§ WORK REQUIRED
Your task is to restate every entry below word for word and omit the images.

======== INFORMATION SUPPLIED ========

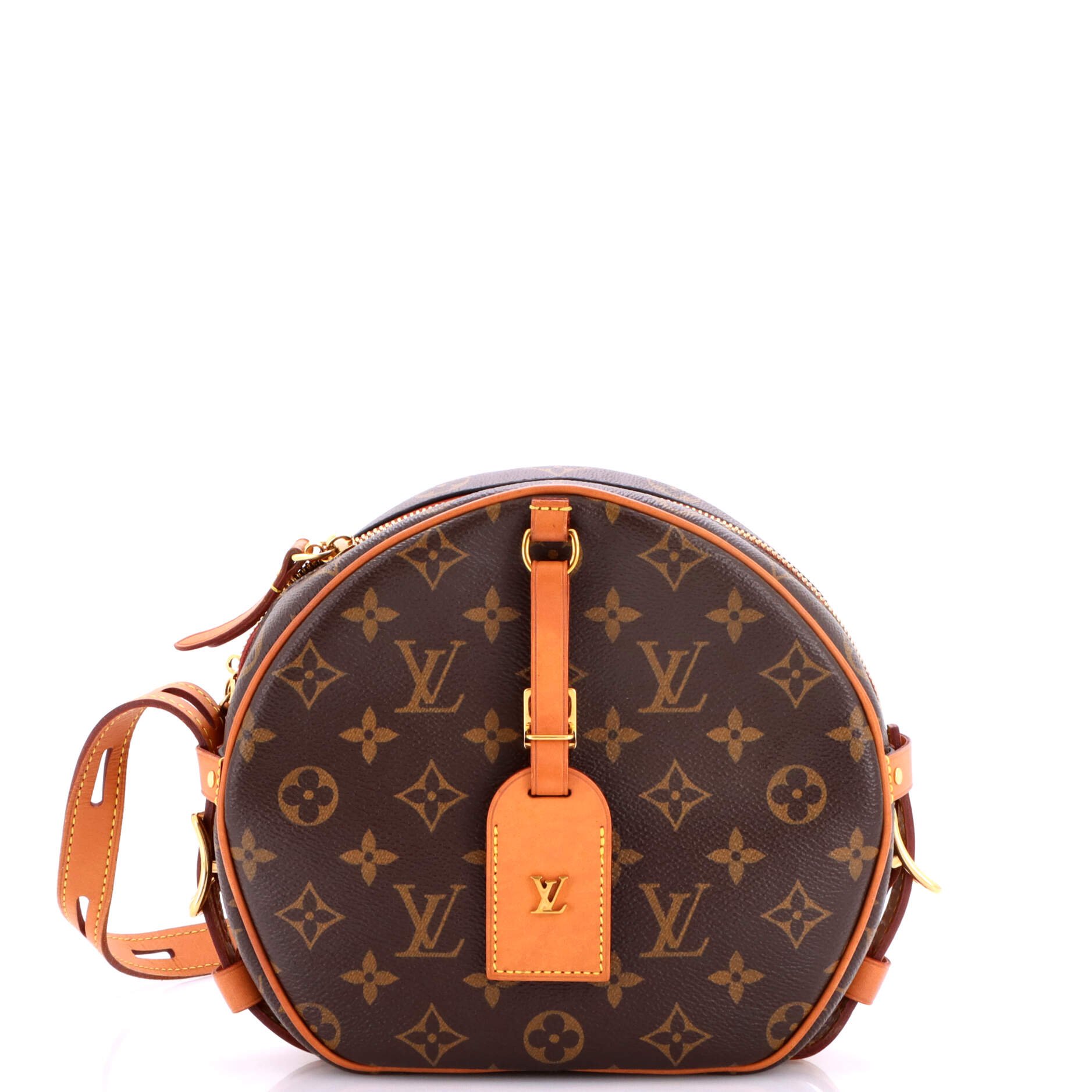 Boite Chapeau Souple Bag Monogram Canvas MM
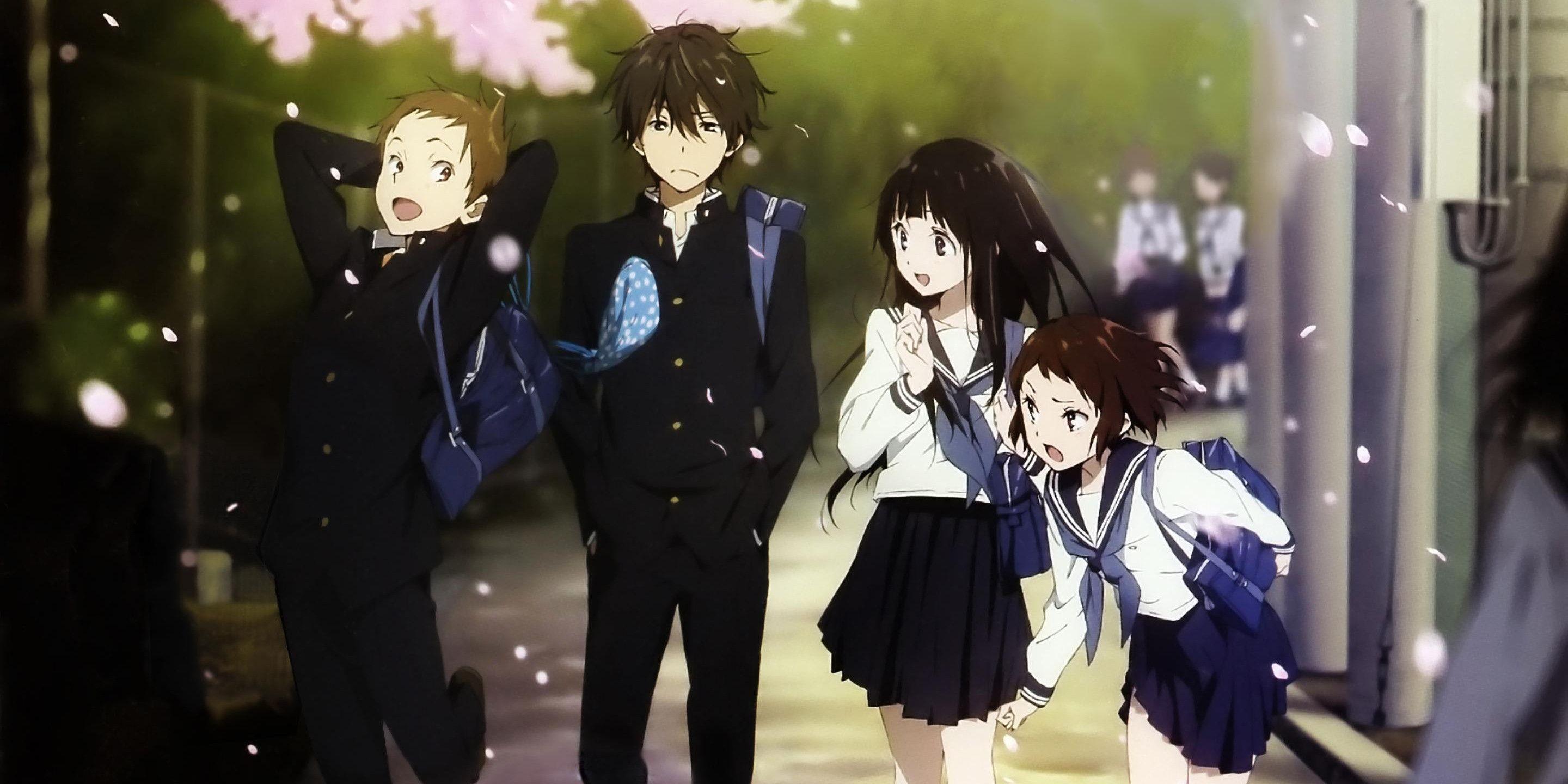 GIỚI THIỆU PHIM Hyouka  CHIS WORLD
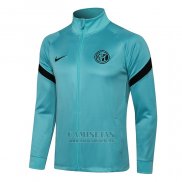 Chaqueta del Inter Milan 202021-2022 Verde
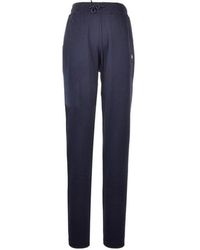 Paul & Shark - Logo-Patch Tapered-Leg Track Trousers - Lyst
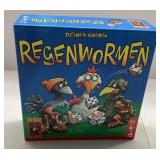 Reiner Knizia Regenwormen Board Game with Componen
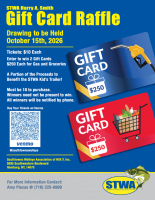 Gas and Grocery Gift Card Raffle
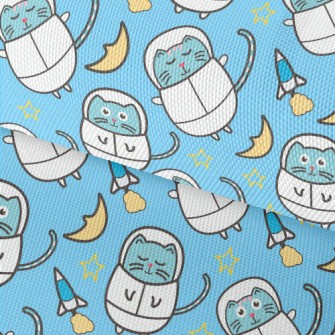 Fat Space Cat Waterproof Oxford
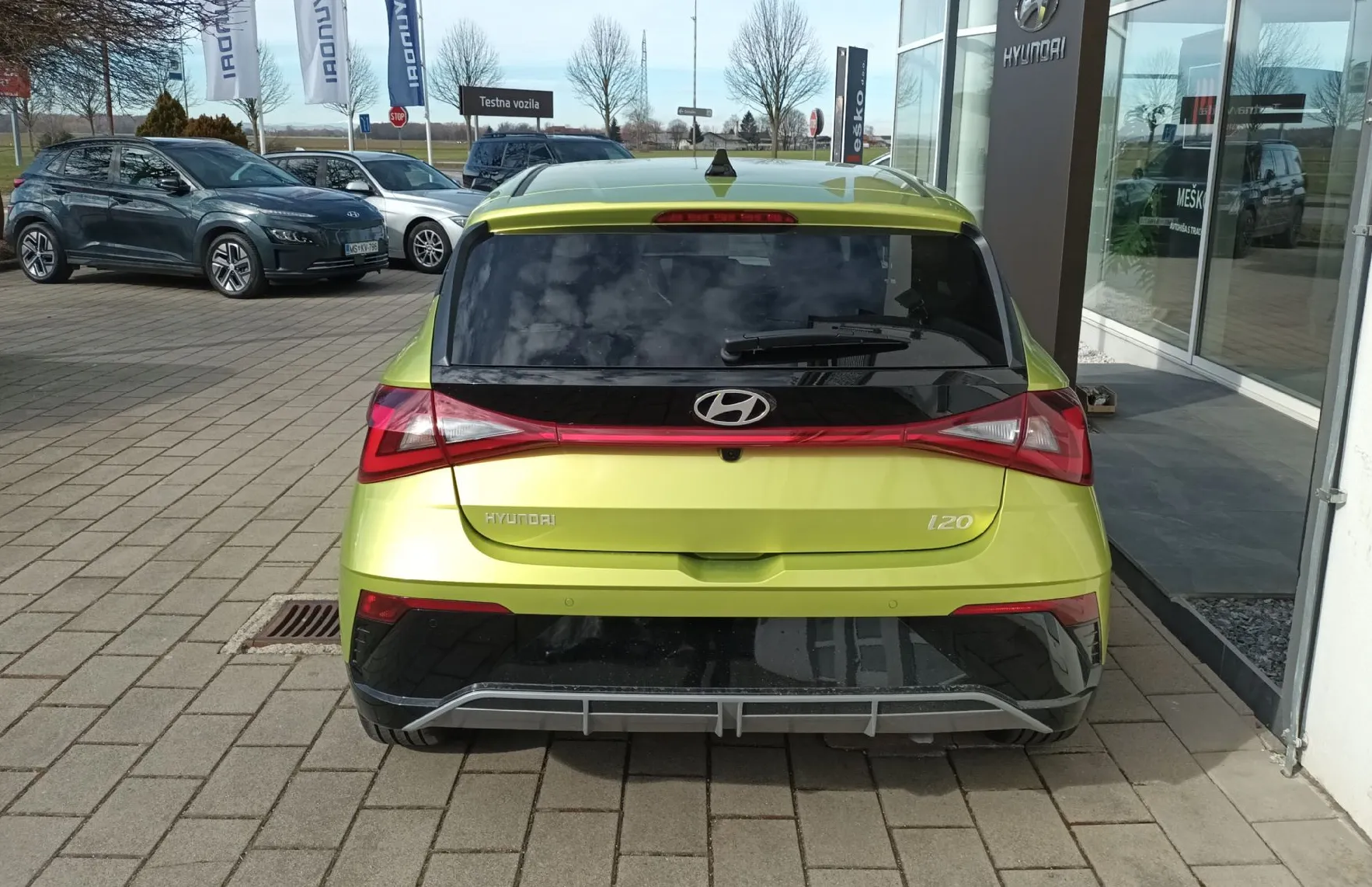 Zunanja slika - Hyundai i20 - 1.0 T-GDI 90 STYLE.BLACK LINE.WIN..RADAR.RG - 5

========

§ WORKED SOLUTION
 Boite Chapeau Souple Bag Monogram Canvas MM
 GIỚI THIỆU PHIM Hyouka  CHIS WORLD
 Chaqueta del Inter Milan 202021-2022 Verde
 Paul & Shark - Logo-Patch Tapered-Leg Track Trousers - Lyst
 Reiner Knizia Regenwormen Board Game with Componen
 Gas and Grocery Gift Card Raffle
 Fat Space Cat Waterproof Oxford
 Zunanja slika - Hyundai i20 - 1.0 T-GDI 90 STYLE.BLACK LINE.WIN..RADAR.RG - 5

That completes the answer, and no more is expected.